▸ **PROBLEM**
Set down, exactly and with nothing added, the lines running from the one that holds "this 600×401 image." to the final line of the records. Pictures stay out of the copy.

▸ **MATERIAL FOR THIS TASK**
== Segment start ==

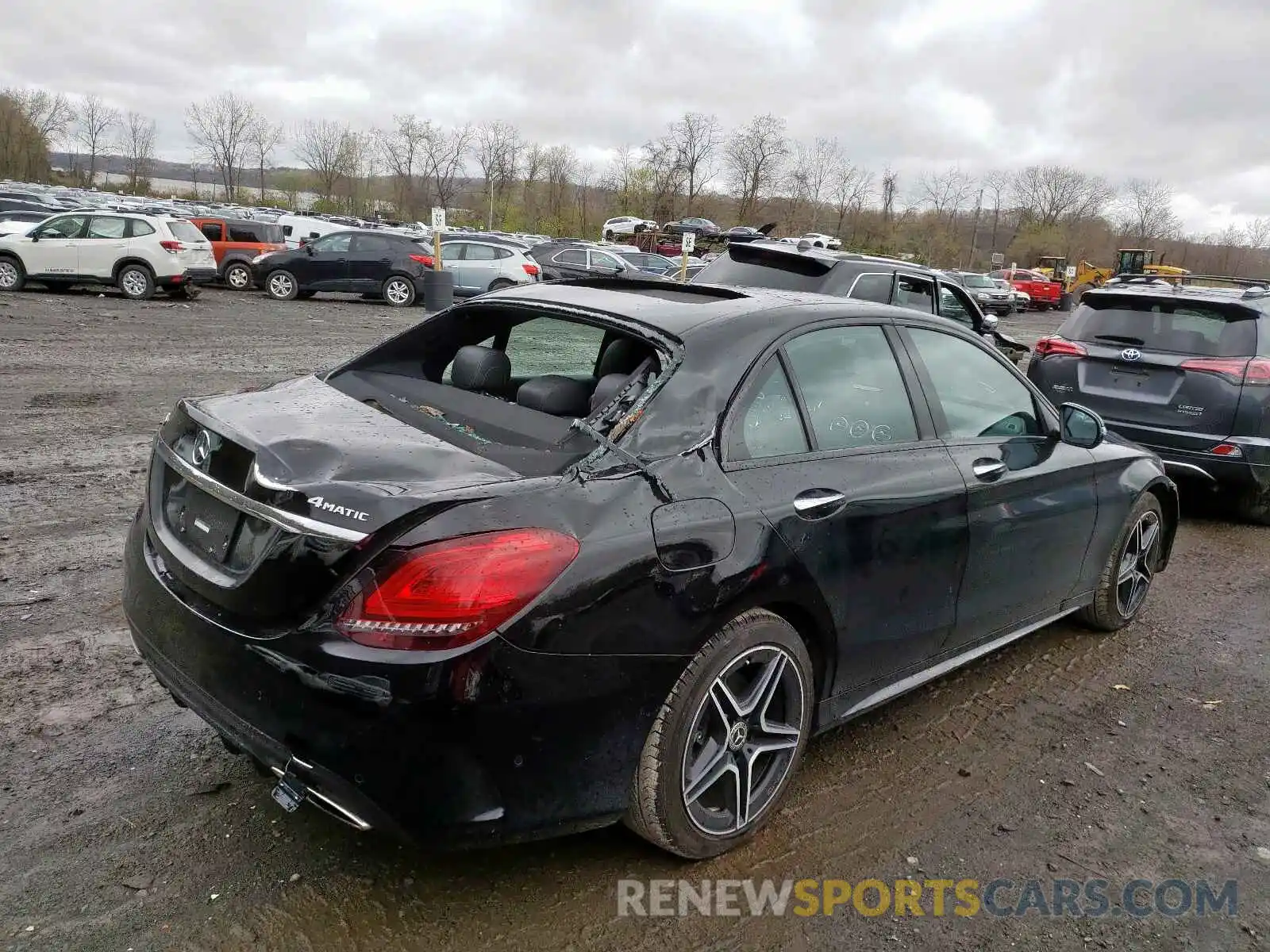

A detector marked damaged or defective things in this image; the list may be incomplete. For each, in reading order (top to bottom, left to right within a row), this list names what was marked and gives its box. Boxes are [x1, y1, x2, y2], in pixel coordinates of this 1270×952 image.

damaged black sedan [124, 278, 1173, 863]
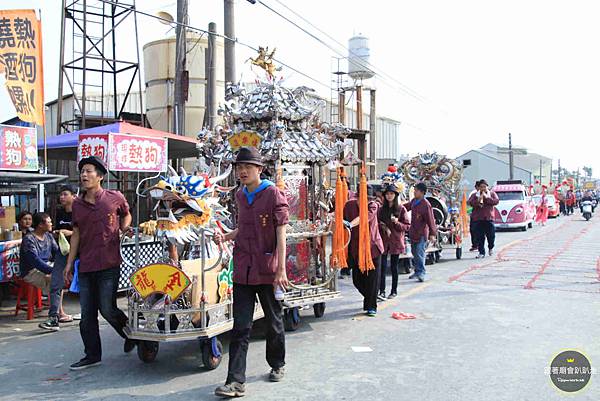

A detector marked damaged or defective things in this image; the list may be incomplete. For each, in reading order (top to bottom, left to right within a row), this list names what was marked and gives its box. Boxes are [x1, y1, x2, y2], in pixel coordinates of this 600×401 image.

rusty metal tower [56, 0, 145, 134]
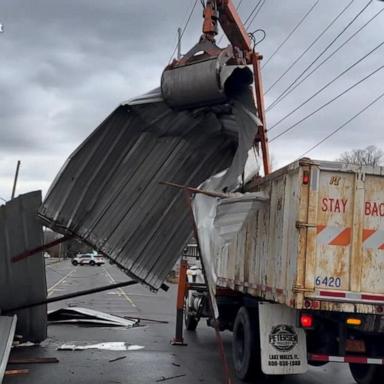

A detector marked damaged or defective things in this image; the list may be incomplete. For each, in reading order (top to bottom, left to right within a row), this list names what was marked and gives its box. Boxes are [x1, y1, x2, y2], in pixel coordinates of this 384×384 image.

== Segment end ==

▸ **REPLY**
A detector marked damaged or defective things in this image; the list may be incomplete. For each, in reading order (top to bottom, left to right within a row), this list names what was marked and gives its box. Boxes are [x1, y1, x2, y2], in pixel coordinates of this 600×401 image.

rusty metal tower [56, 0, 145, 134]

A detector marked damaged or defective things in this image; the list may be incomplete. For each, in reading order (top to bottom, left to right within a row), this list names what was marked and gives its box. Boxes are [x1, y1, x2, y2], in pixel coordinates of this 384×384 image.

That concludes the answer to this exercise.